Begonnen hatte es mit einem genialen Diebstahl. In Österreichs Zeitungen erschienen tagelang Großanzeigen mit dem staatsmännischen Text: "Politik braucht ein Gewissen!" Nur dieser gravitätische Satz, kein Hinweis auf den Urheber oder darauf, wer sich nun eigentlich zum Gewissen der Nation berufen fühle.

Einer wird gewinnen: Außenministerin Ferrero-Waldner und Heinz Fischer von der SPÖ. (Foto: Foto: AP)

Dann die Auflösung: "Politik braucht ein Gewissen - Benita Ferrero-Waldner." Das ist die Kandidatin der Österreichischen Volkspartei (ÖVP) für das Amt des Staatsoberhauptes, das die Österreicher am kommenden Sonntag in direkter Wahl neu bestimmen.

Die ursprüngliche Anzeigenserie hatte aber ein anderer schalten lassen, der Gegner: Heinz Fischer, Bewerber der Sozialdemokratischen Partei Österreichs (SPÖ) für das selbe Amt. Dessen Versuch, neugierige Spannung aufzubauen, hatten dann die Helfer der Rivalin geistesgegenwärtig gekontert und auf sie umgeleitet: sie kamen Fischers Strategen mit der Pointe zuvor.

Sie braust im schnieken Auto - er fährt Bahn

Die kuriose Affäre charakterisiert die Kontrahenten dieses Wahlkampfes, der ansonsten wenig Anlass zu Lachsalven bietet, ziemlich gut. Ein Kontrast von quickem, gedankenlosem Schick und überernster Erdenschwere lebt sich da aus. Sie, die in Salzburg geborene 55-jährige Quereinsteigerin, modisch und farbenfroh gekleidet, mit auffälligem Schmuck und einem etwas maskenhaften, zähneperlenden Grinsen.

Er, der aus der alten glorreichen Kreisky-SPÖ herüberragt, 64 Jahre, in Graz geboren, im immer dunklen Anzug, mit stets staatsmännisch verhaltenem Gestus und einer Tolle im melierten Haar.

Sie, heute Außenministerin der Republik, schwingt mit den Reichen, Schicken und Aufgeblasenen auf dem Wiener Opernball das Tanzbein; er, Kärrner der Partei und langjähriger Präsident des Nationalrates, schwingt am selben Abend mit Lehrlingen des Voest-Stahlwerks zu Linz den Schmiedehammer.

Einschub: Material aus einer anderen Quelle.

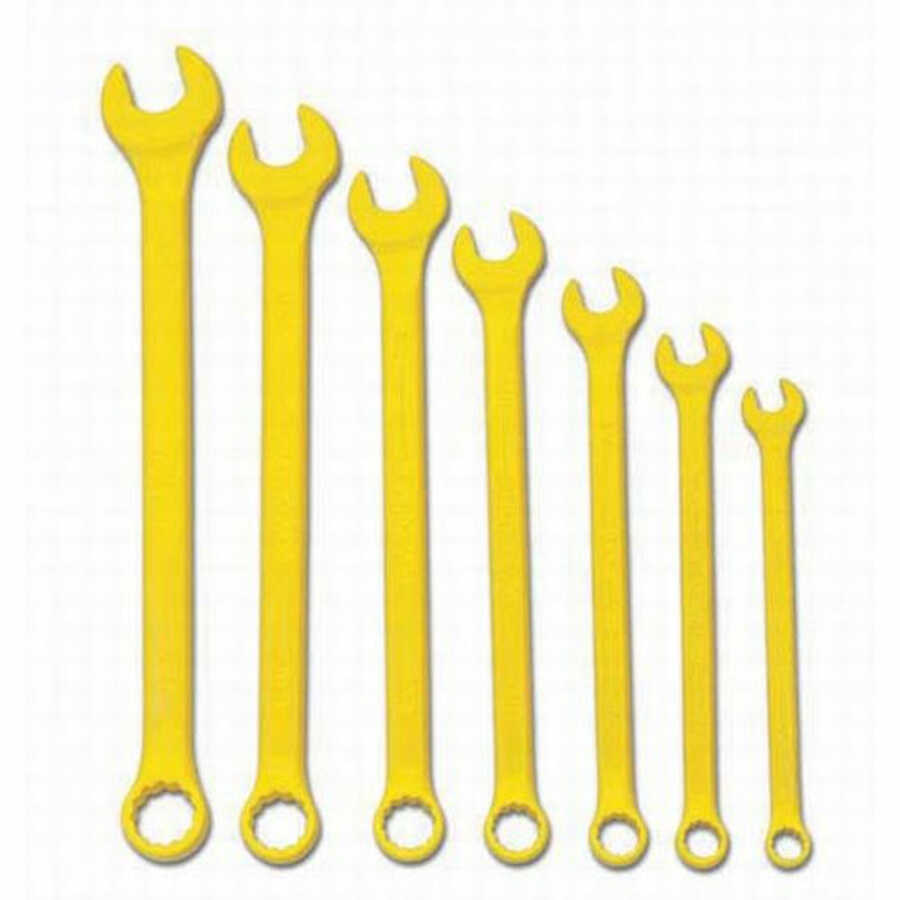 7 pc SAE SUPERCOMBO® Combination High Visibilty Yellow Wrench Se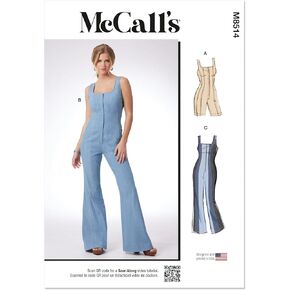 McCall's M8514AA Misses' and Women's Corset Style Romper and Jumpsuits Sewing Pattern Packet by Diane von Furstenberg, Design Code M8514, Sizes 10-12-14-16-18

Sie braust im bunten Bus und in schnieken Autos durchs Land; er besteigt einen Sonderwagen der Bundesbahn, den seine SPÖ-Strategen den Siegeszug nennen, die ÖVP-Gegenseite aber als Schlafwagen verlacht. Frau Ferrero-Waldner hüpft in der Techno-Disco mit, Herr Fischer legt im Club Rock'n'roll Platten auf und schnippt dazu die Finger, was beiden Ehrenpreise der Peinlichkeit bei den umbuhlten Jugendlichen einträgt.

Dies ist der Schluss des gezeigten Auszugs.